Analysis with Pandas & Dask Dataframes

Method Chaining: a readable, compact way to pass pandas dataframes through many different transformations all at once.
Indexes: Pandas dataframe indices can be complex, but they’re also a powerful way to access and manipulate your data.
Fast Pandas: If you have a dataframe with millions of rows, you need to know what is fast and what is slow.
Tidying Data with Pandas: Tips on how and why to re-shape data appropriately for the analysis at hand. Kind of a simplified Pandas version of database normalization guidelines.
Visualization: How to get a visual window into the data you’re manipulating on the fly.
Time Series: Pandas offers a lot of rich methods for manipulating and analyzing time series… but they can be a challenging to get familiar with up front.

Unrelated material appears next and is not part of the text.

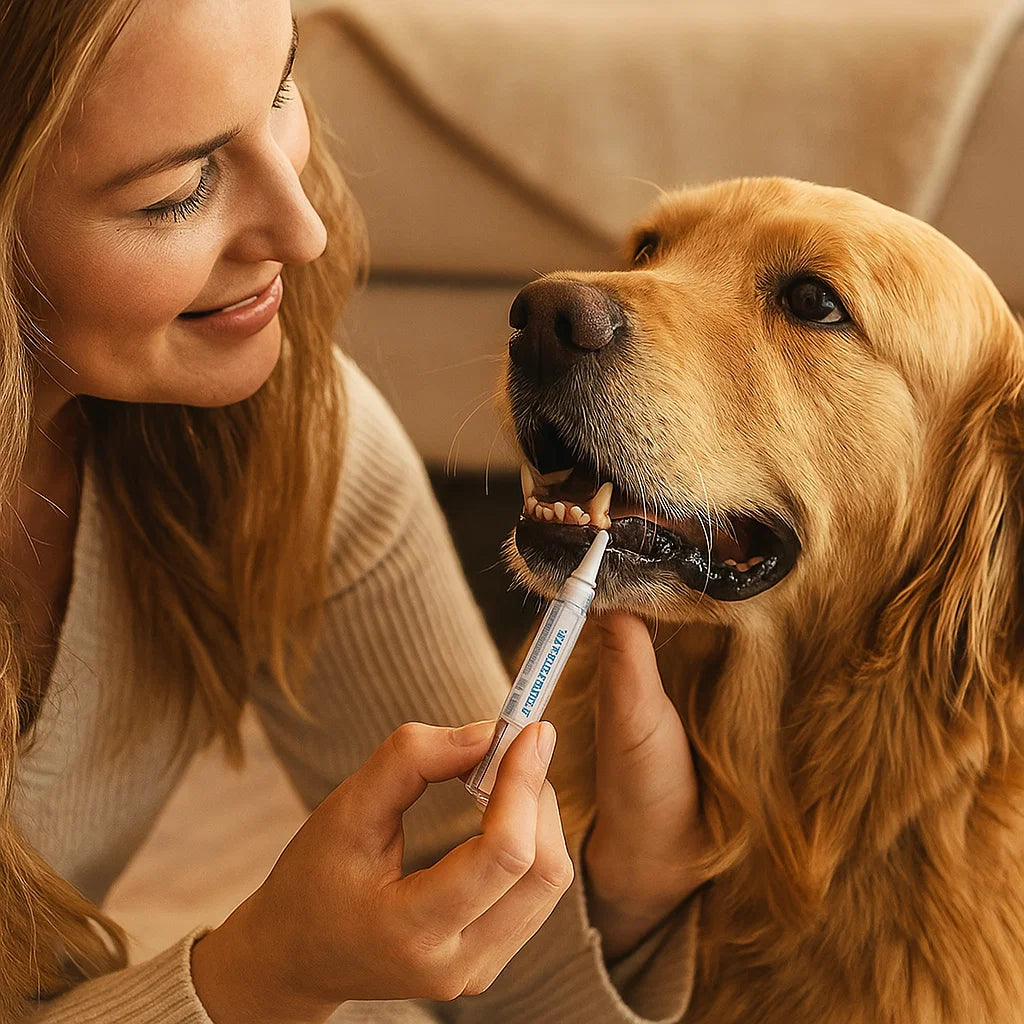 GleamPaws™ — Effortless Fresh Breath and a Happy, Pain-Free Smile for Your Pet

Scaling: How do you work with data that’s too big to hold in your computer’s memory all at once? How can you distribute computationally intensive tasks across a high performance computing cluster? Dask marries pandas to a task graph generator to scale dataframes up to medium sized data science applications (100s of GB), which is perfect for the larger datasets that PUDL is targeting.
How to learn Dask in 2020 is a collection of articles and self-guided tutorials that combine videos with interactive Jupyter notebooks. It works through many of the core concepts of Dask, and was presented at SciPy 2020. If you’re already familiar with NumPy, SciPy, and Pandas, this is still easily a full day of material.